» EXERCISE DESCRIPTION
Set down again each entry exactly as it reads, pictures excluded.

● ● ●

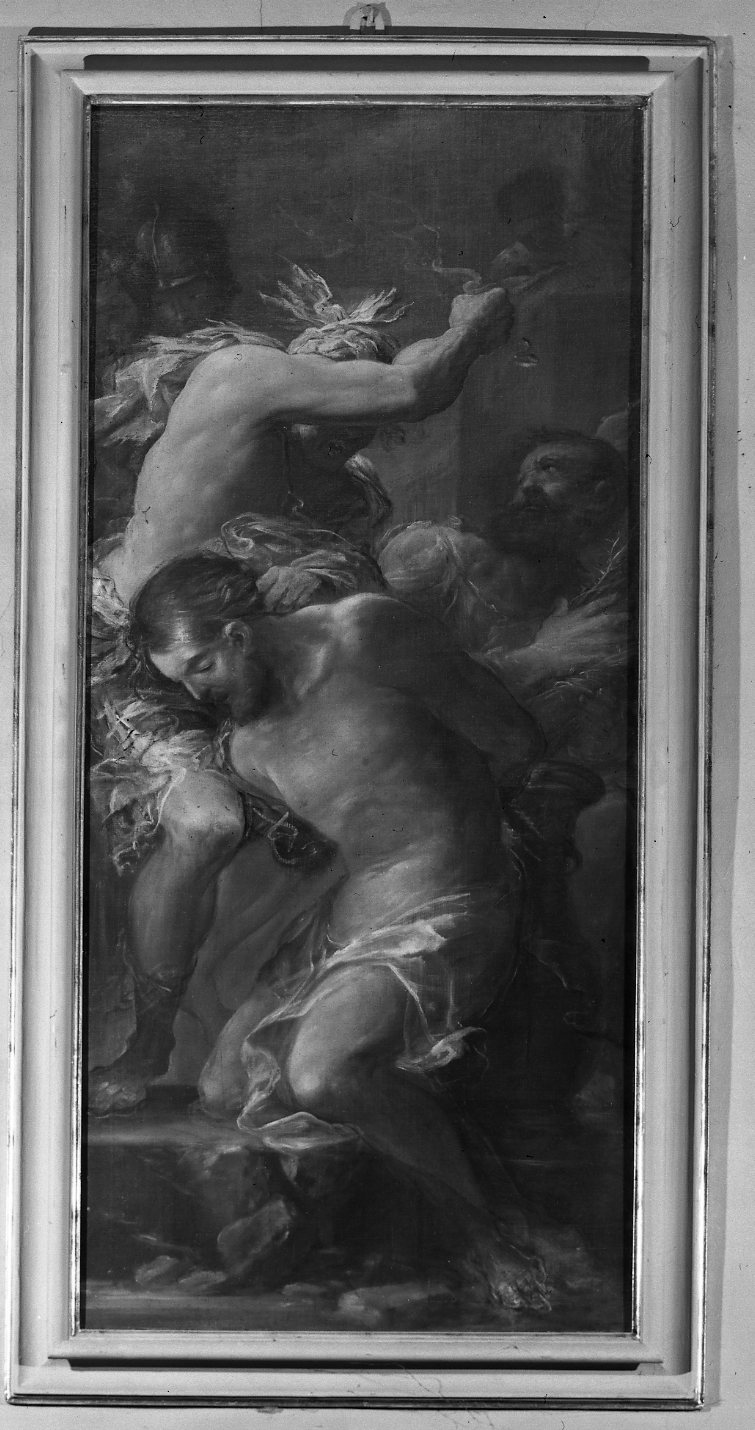 flagellazione di Cristo (dipinto, elemento d'insieme) di Micheli Pietro da Torrita (prima metà sec. XVIII)
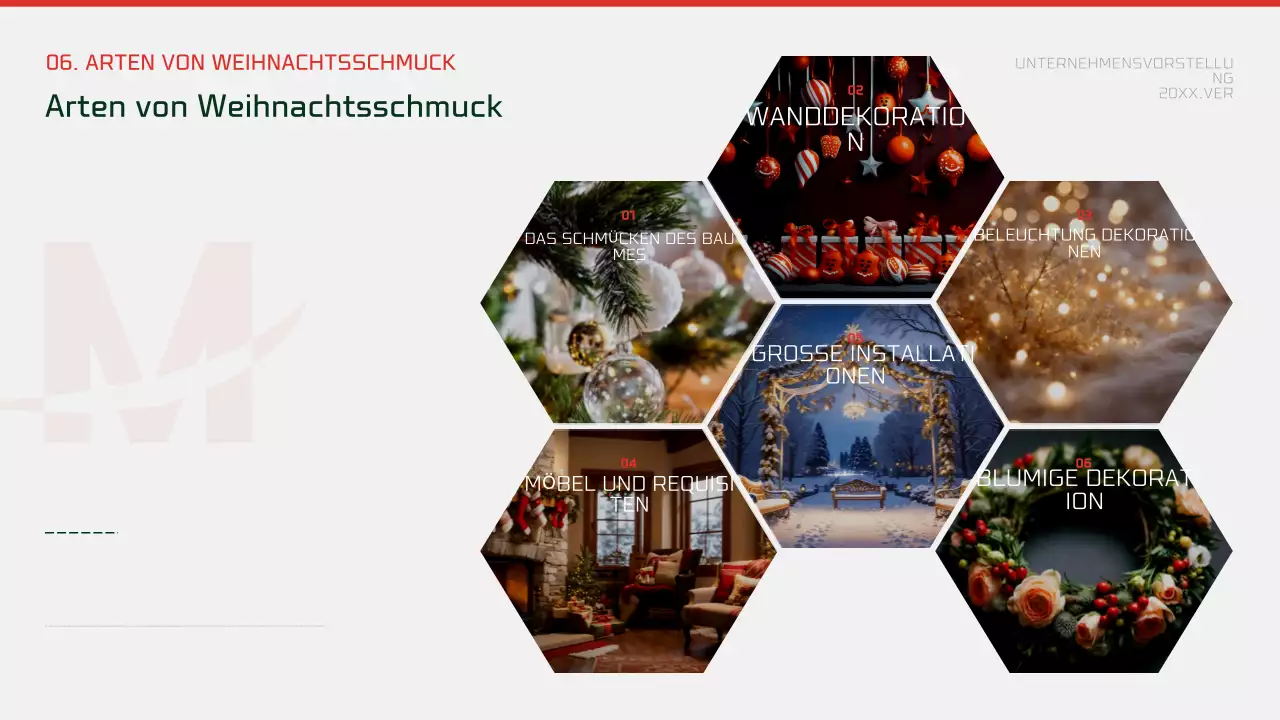 Abstrakte moderne Weihnachtswerbung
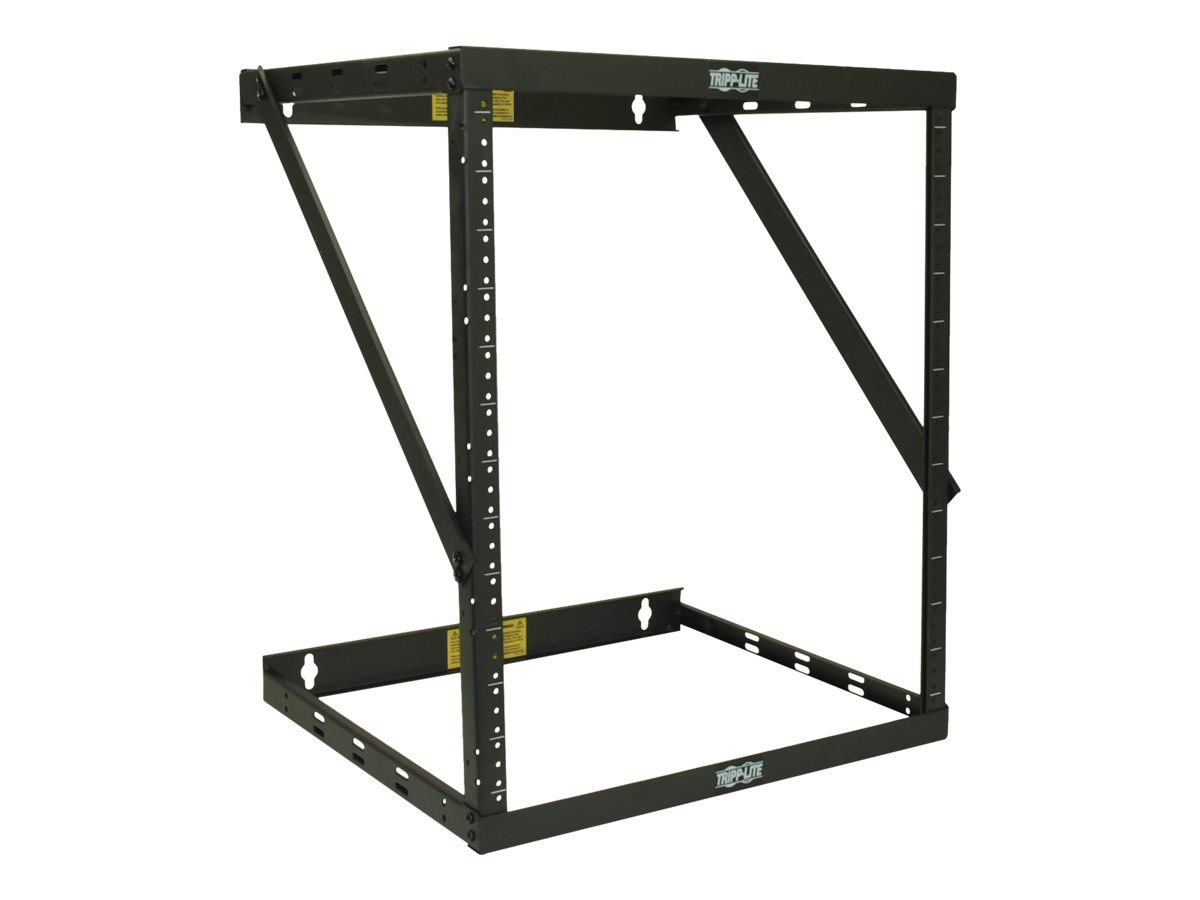 Tripp Lite 8U 12U 22U 2 Post Open Frame Rack Cabinet Expandable 11.5" Depth Wall Mount - rack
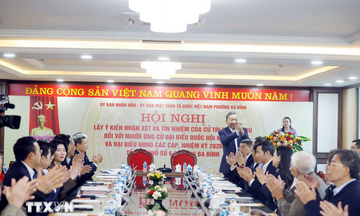 Cử tri tín nhiệm Tổng Bí thư và 5 Ủy viên Bộ Chính trị ứng cử đại biểu Quốc hội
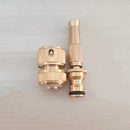 Spray Nozzle Water Gun Brass High Pressure Direct Spray Sprinkler Quick Connector home garden Hose Adjustable Pressure пистолет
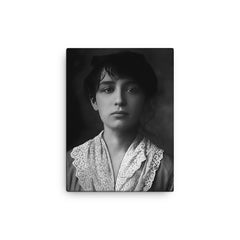 Camille Claudel canvas print on a plain backdrop in size 12"x16".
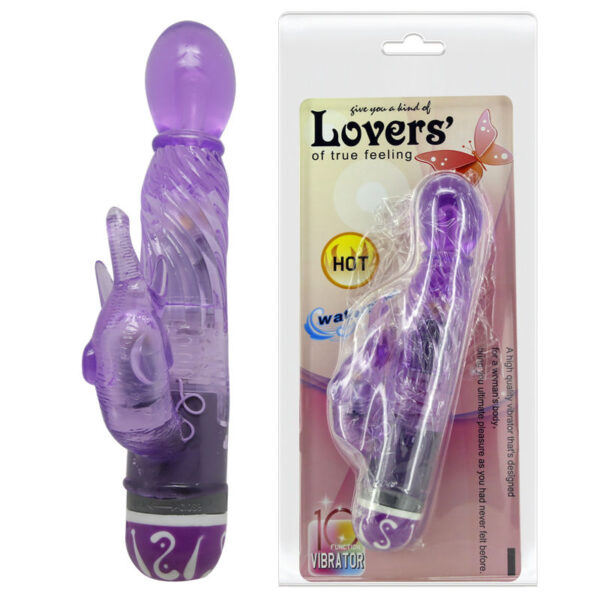 Baile - Vibrador Multivelocidad Con Estimulador Lila - Imagen 3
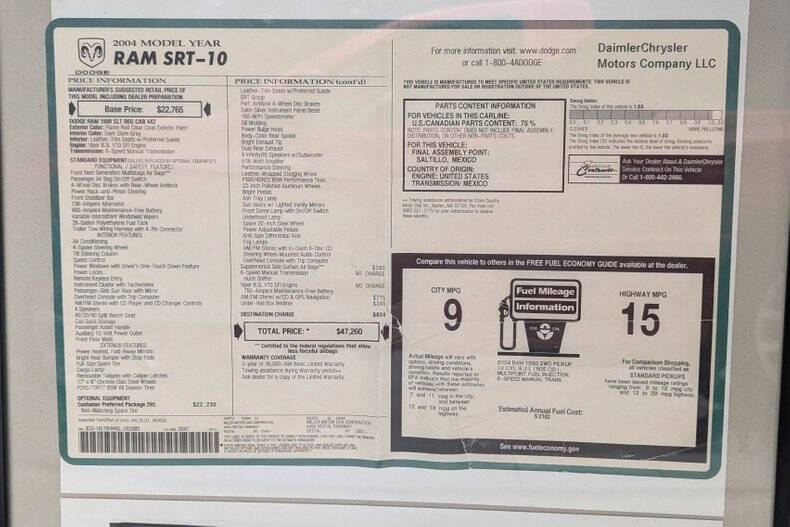 2004 Dodge Ram 1500 SRT-10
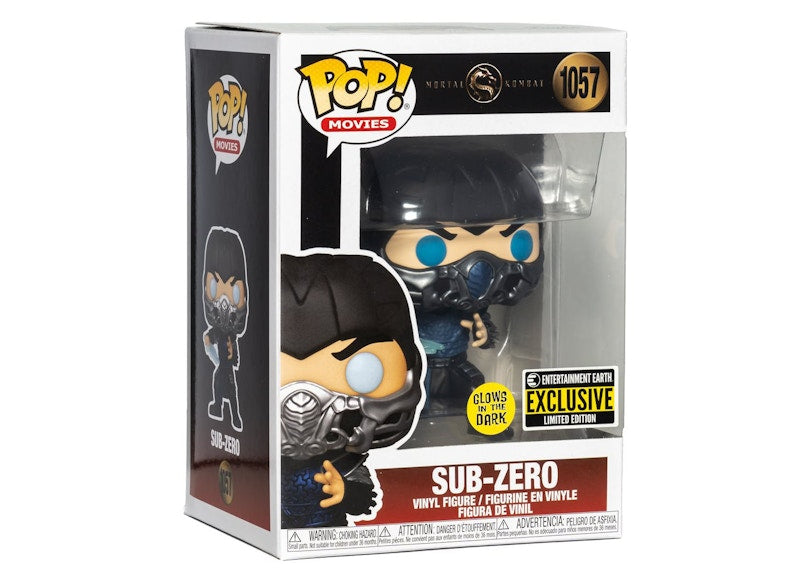 Funko Pop! Movies Mortal Kombat Sub-Zero GITD Entertainment Earth Exclusive Figure #1057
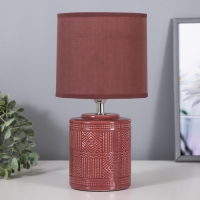 Настольная лампа Берти E14 40Вт терракотовый 15х15х29 см RISALUX Настольная лампа Берти E14 40Вт терракотовый 15х15х29 см RISALUX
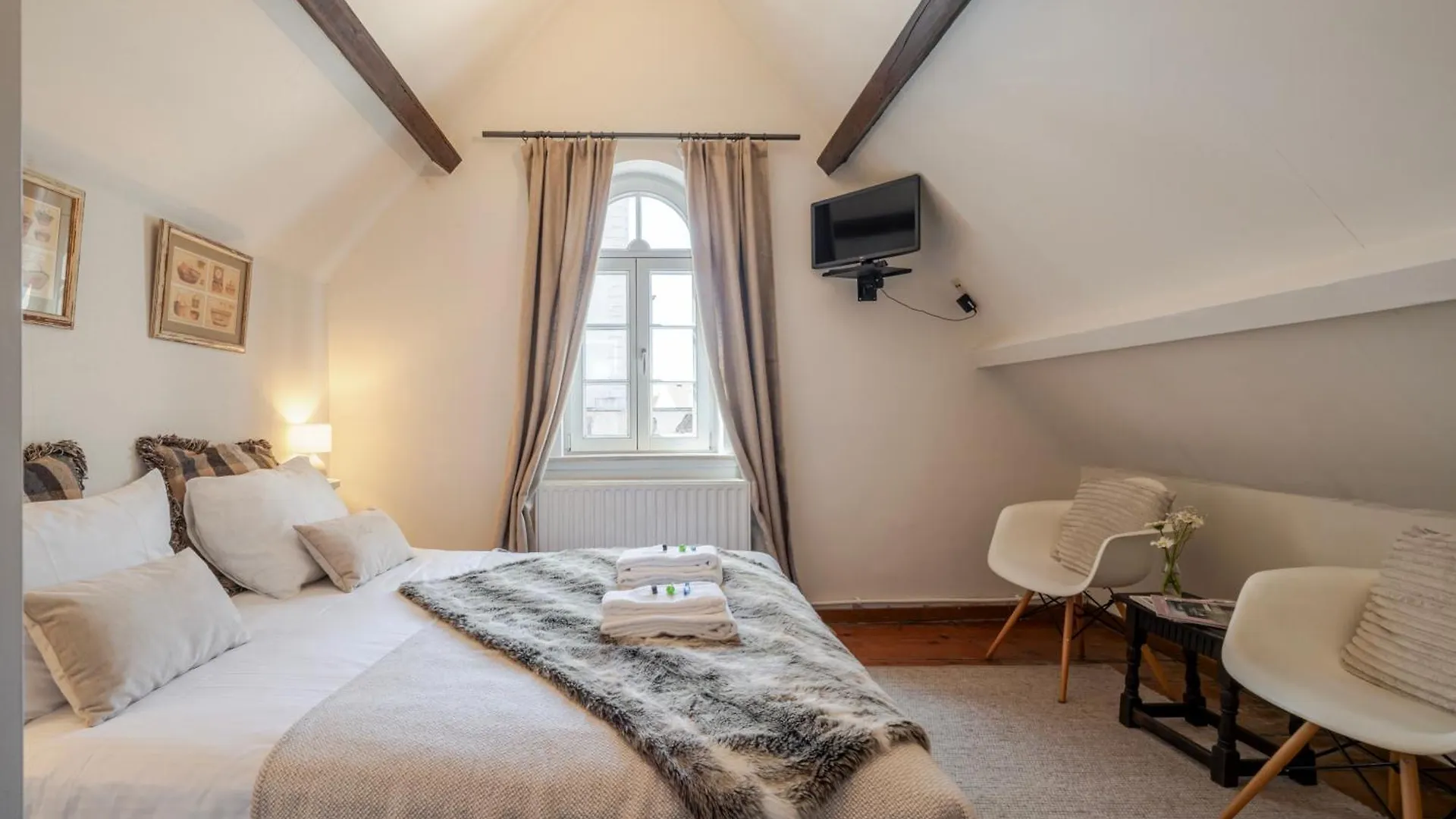 公寓 Het Geerwijn - Gastensuite In Hartje Brugge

● ● ●

» TASK OUTPUT
 flagellazione di Cristo (dipinto, elemento d'insieme) di Micheli Pietro da Torrita (prima metà sec. XVIII)
 Abstrakte moderne Weihnachtswerbung
 Tripp Lite 8U 12U 22U 2 Post Open Frame Rack Cabinet Expandable 11.5" Depth Wall Mount - rack
 Cử tri tín nhiệm Tổng Bí thư và 5 Ủy viên Bộ Chính trị ứng cử đại biểu Quốc hội
 Spray Nozzle Water Gun Brass High Pressure Direct Spray Sprinkler Quick Connector home garden Hose Adjustable Pressure пистолет
 Camille Claudel canvas print on a plain backdrop in size 12"x16".
 Baile - Vibrador Multivelocidad Con Estimulador Lila - Imagen 3
 2004 Dodge Ram 1500 SRT-10
 Funko Pop! Movies Mortal Kombat Sub-Zero GITD Entertainment Earth Exclusive Figure #1057
 Настольная лампа Берти E14 40Вт терракотовый 15х15х29 см RISALUX Настольная лампа Берти E14 40Вт терракотовый 15х15х29 см RISALUX
 公寓 Het Geerwijn - Gastensuite In Hartje Brugge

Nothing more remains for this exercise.